In this article, I examine the standard tag format for audio files known as ID3, I discuss working with tags in Picard and MusicBrainz, and I walk you through these tools so you can update your audio collections quickly and painlessly right from the desktop.
Picard and MusicBrainz work on ID3 tags. ID3 [1] is a format that adds metadata - additional text information - to digital audio files. ID3v1, the first version of ID3, was created to address the lack of metadata support in the original MP3 specification [2]. It adds a chunk of data to the end of the audio file with various information, such as the album name and artist. Because this version of the standard for identifying MP3 files does not support internationalization, and because the information is often stored as text in the user's native language, many players end up displaying the extra information incorrectly. Additionally, this format used a very small chunk of metadata, which forced the truncation of long song and album names.
ID3v2 was created to address the shortcomings of ID3v1, although in reality, the two versions are not related. Whereas ID3v1 was a de facto standard with limited capabilities for appending data to files, ID3v2 is a fully accepted standard offering as much as 256MB of metadata.
If your files have ID3v2 tags, it will help you get an iTunes-like experience out of your music players. Some tools will allow you to add either ID3v1, ID3v2, or both. Where provided, choose ID3v2. Additionally, you might be offered variations on ID3v2. In this case, choose the highest value, such as ID3v2.3 or ID3v2.4.
Multiple Tag Formats |
Picard provides an option to remove another tag format known as APE from your audio files. If you find that format, enabling this option will remove it and help prevent problems that can arise from having two types of tags applied to a single file. Additionally, you can embed cover art into tags or have them saved as separate files in the album folders. Picard can apply tags to a wide variety of audio formats, including MP3, OGG, and FLAC. Picard writes ID3v2.4 tags by default, but you can configure it to write ID3v2.3. This might be necessary to work around a problem when using tagged files with iTunes, but Linux players probably won't care either way. |
Of the Linux music players I tested for ID3 compatibility - Banshee, Amarok, RhythmBox, Audacious, XMMS, VLC, MPlayer, and Xine - only Amarok appeared to have problems with the ID3 tags on my audio files. As it scanned the directory of music, Amarok printed the following message for nearly every track it found:
TagLib: ID3v2.4 no longer supports the frame type TDAT. It will be discarded from the tag.
Apparently Amarok has moved to the latest release of ID3v2 and is recognizing tag information that is no longer supported in that new release. Fortunately, it just ignores the outdated data.

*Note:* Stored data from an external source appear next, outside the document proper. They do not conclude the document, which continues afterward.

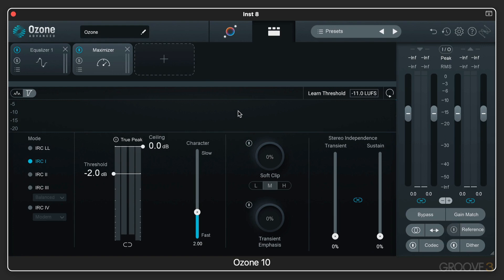But we also have the individual component plugins. So if you want to call up just an equalizer or just a vintage compressor or what have you, you can use that. But we'll spend most of our time in this series in the Mothership plugin.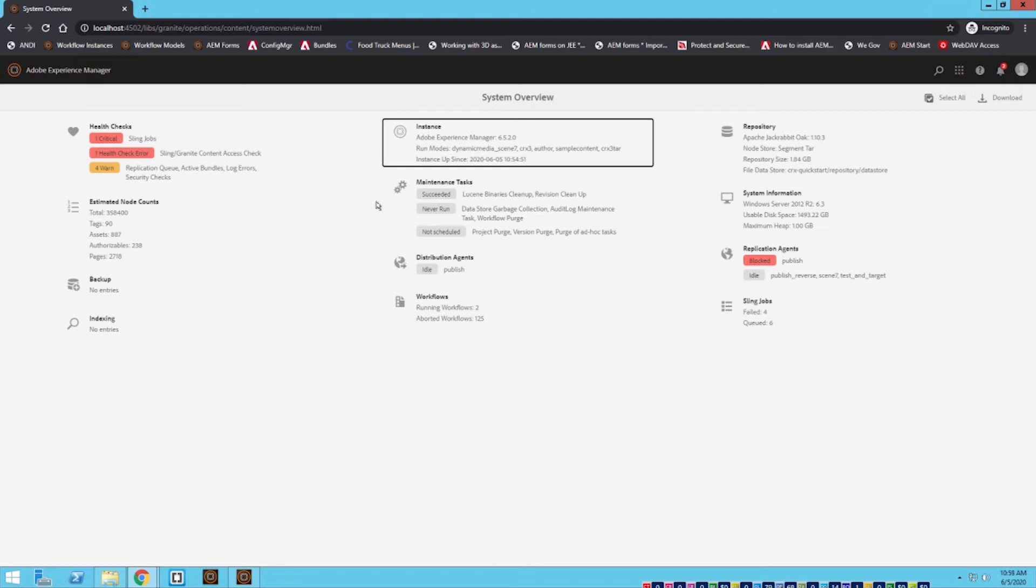Another great way to determine if that process was successful as well. And the system overview tab does give us a good amount of information to look at. If we had any running workflows we'd be able to see that here, which I have two running at the moment.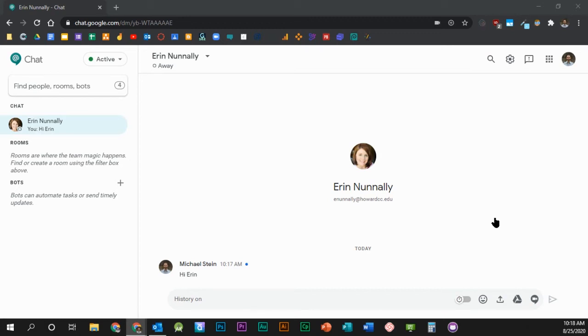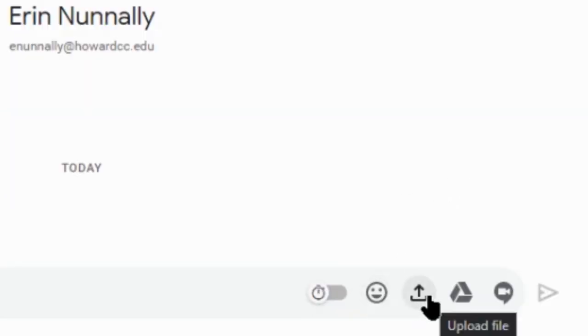Hi, Mike Stein from the Center for Teaching Excellence. In this video, I'm going to show you how to upload files and emojis to a chat conversation. Once you have started a conversation, you can add emojis, files from your computer, files from Google Drive, or a new Google Meet video meeting to the conversation by using the buttons to the right of the message field.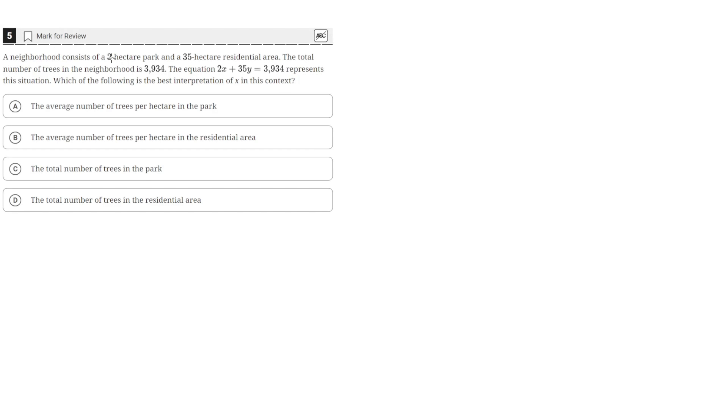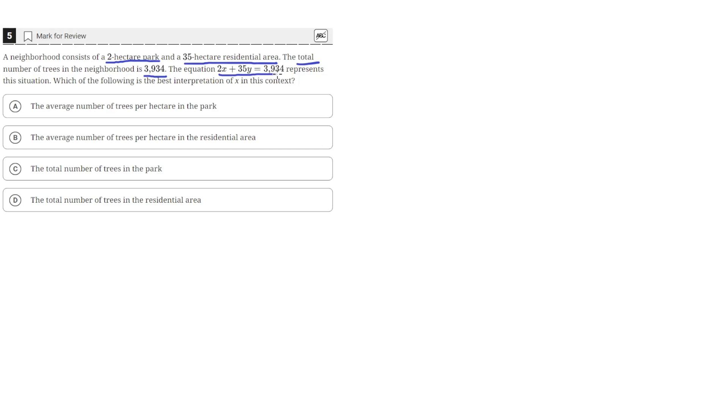A neighborhood consists of a 2 hectare park and a 35 hectare residential area. The total number of trees in the neighborhood is 3,934. The equation 2x plus 35y equals 3,934 represents this situation.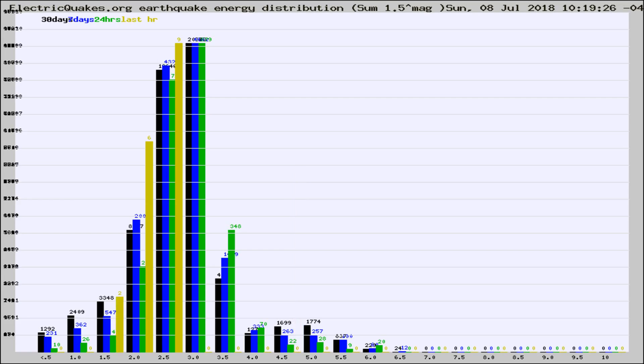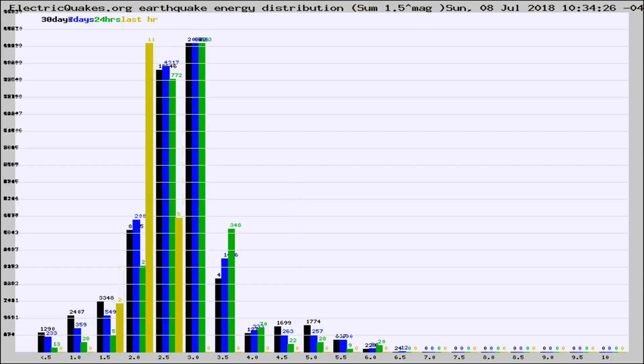Now you're looking at earthquake energy distribution by magnitude. This is worldwide, and you're seeing them changing as they did every 10 minutes within the last hour.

Banshee, Amarok, and Rhythmbox are the iTunes-style players that show cover art, as well as additional information. Each of these must scan the music directories to create a database and utilize the ID3 information - and none of these applications share their database with any of the others.
Audacious and XMMS are simple players. Audacious shows more ID3 information and can show cover art. As far as I can tell, XMMS does neither.
VLC, MPlayer, and Xine are all media players that are more typically used for video playback. VLC will display ID3 information, but it won't display cover art unless you grab it. (I couldn't get it to use the local cover art already downloaded.) If you start MPlayer on a command line, you'll see ID3 information, but it doesn't display cover art. Xine just plays the file and doesn't display ID3 information.
Note that my tests were far from exhaustive. Most of these players will let you edit the tag information directly, but doing this manually for a large collection would take a while.
MusicBrainz [3] is a website that provides a large database of album metadata. Access to this data is offered directly through the website or through applications that can read XML [4] data. The database is user maintained, so any user can provide updates.
Picard is the Python-based cross-platform application that is used to query the MusicBrainz website for album metadata and simplifies the process of tagging your collection. The application uses an acoustic fingerprint in an effort to identify the audio files in an album and find the closest matches in the database. When you first use Picard, be sure to configure the default release country and enable use of folksonomies for genres in the options dialog (Options | Options). Folksonomies are community-based information that might improve the application of genres to audio files.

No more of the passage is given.